Moreover, when the water content of each of the obtained thermosetting resin compositions of Examples 1 to 10 and Comparative Examples 1 to 6 was measured, each water content by the Karl Fischer method was in the range of 800 to 2500 ppm, respectively. It was.

[Examples 11 to 20, Comparative Examples 7 to 12: Evaluation of Insulating Material Composition]
Using the thermosetting resin compositions obtained in Examples 1 to 10 and Comparative Examples 1 to 6 as the insulating material composition, the entire surface of one side of the polyimide film (thickness: 25 μm) has a thickness of about 25 μm after drying. The insulating material composition was evaluated as having been cured by applying it to a uniform thickness using a coater, drying it at about 120 ° C. for about 10 minutes, and then heating it at 180 ° C. for 60 minutes to cure it. A sample was prepared.

(Evaluation of electrical characteristics)
The relative permittivity of the obtained evaluation sample was measured at 1 GHz using an impedance analyzer (Impedence Analyzer) according to the test standard of JIS C6481-1996. Moreover, the volume resistivity was measured according to the test standard of JIS C2151. The results are shown in Table 5 below.

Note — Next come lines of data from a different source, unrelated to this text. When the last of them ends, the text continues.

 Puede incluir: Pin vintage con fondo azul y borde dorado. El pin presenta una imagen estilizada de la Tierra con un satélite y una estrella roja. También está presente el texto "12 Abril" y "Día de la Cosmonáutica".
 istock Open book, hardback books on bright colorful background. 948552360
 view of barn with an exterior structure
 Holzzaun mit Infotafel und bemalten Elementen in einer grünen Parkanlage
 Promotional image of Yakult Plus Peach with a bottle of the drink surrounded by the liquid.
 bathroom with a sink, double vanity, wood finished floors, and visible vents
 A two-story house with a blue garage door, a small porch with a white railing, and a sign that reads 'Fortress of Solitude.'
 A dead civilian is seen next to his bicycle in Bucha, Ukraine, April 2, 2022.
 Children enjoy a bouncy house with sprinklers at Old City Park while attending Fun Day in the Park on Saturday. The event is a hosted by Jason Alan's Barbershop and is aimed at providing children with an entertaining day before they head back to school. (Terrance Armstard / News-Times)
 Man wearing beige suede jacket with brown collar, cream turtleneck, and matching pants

As shown in Table 5 above, even if carbon black is contained as the black pigment, the evaluation samples obtained by curing the insulating material compositions in Examples 11, 13, 15, 16, 18 and 20 do not contain the pigment. It was found that the relative permittivity was low and the volume resistance was high as compared with Comparative Examples 7 and 8 and Comparative Examples 9 and 11 containing carbon black as a black pigment. Further, it was found that the evaluation samples in which the insulating material compositions in Examples 12, 14, 17 and 19 were cured had a lower relative permittivity than those in Comparative Examples 10 and 12, even if titanium oxide was contained.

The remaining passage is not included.